:: DATA TO EXAMINE ::
● ● ● ●

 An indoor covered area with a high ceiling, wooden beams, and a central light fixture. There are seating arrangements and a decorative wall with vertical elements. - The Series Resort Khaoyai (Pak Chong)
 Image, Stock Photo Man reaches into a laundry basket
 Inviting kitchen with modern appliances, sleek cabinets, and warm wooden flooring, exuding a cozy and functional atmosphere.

● ● ● ●

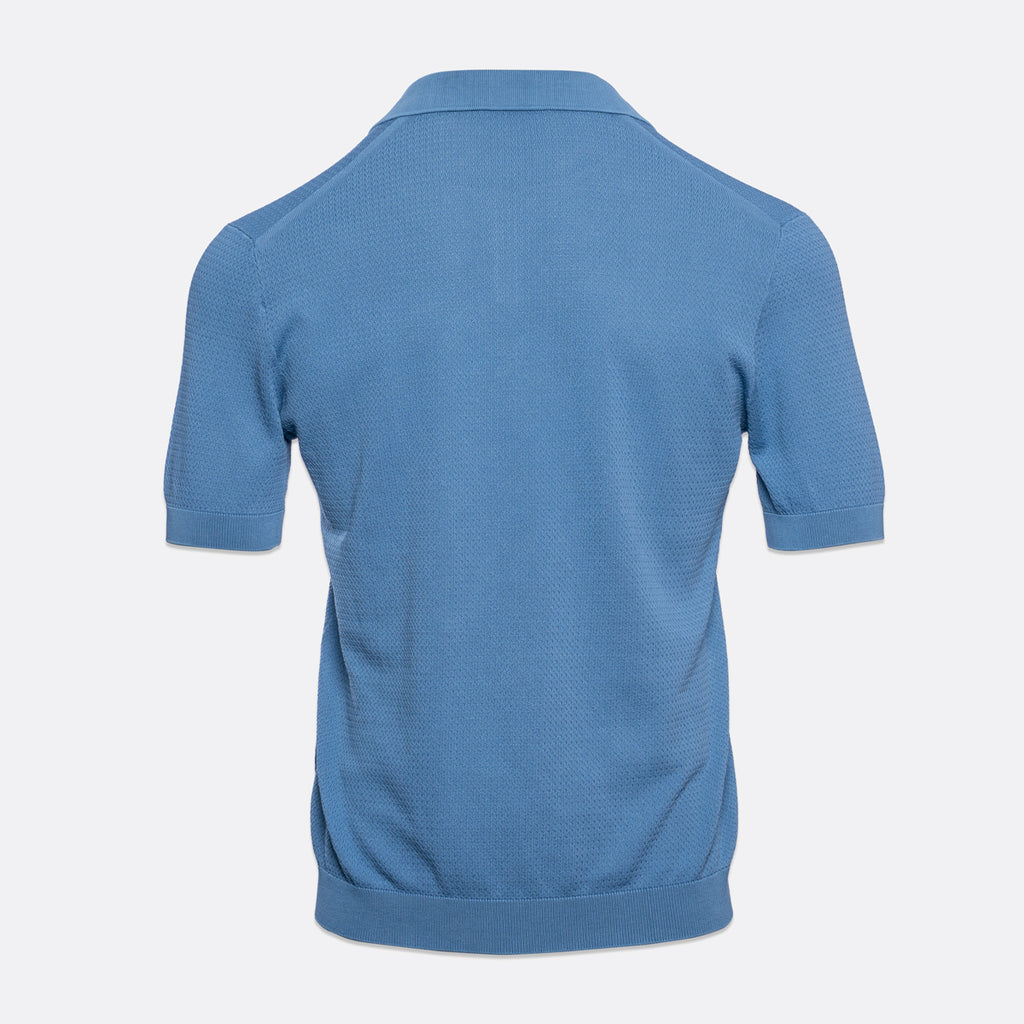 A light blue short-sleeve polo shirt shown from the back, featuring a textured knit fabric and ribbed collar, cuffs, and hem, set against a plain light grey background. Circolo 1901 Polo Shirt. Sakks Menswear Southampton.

● ● ● ●

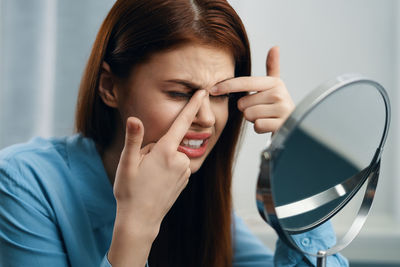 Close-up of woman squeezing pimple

● ● ● ●

:: WHAT YOU NEED TO DO ::
When you reach the line with "Image, Stock Photo" in the records above, start writing out lines exactly, and stop once the line with "Inviting kitchen with" has been written; include nothing else.

:: REPLY ::
 Image, Stock Photo Man reaches into a laundry basket
 Inviting kitchen with modern appliances, sleek cabinets, and warm wooden flooring, exuding a cozy and functional atmosphere.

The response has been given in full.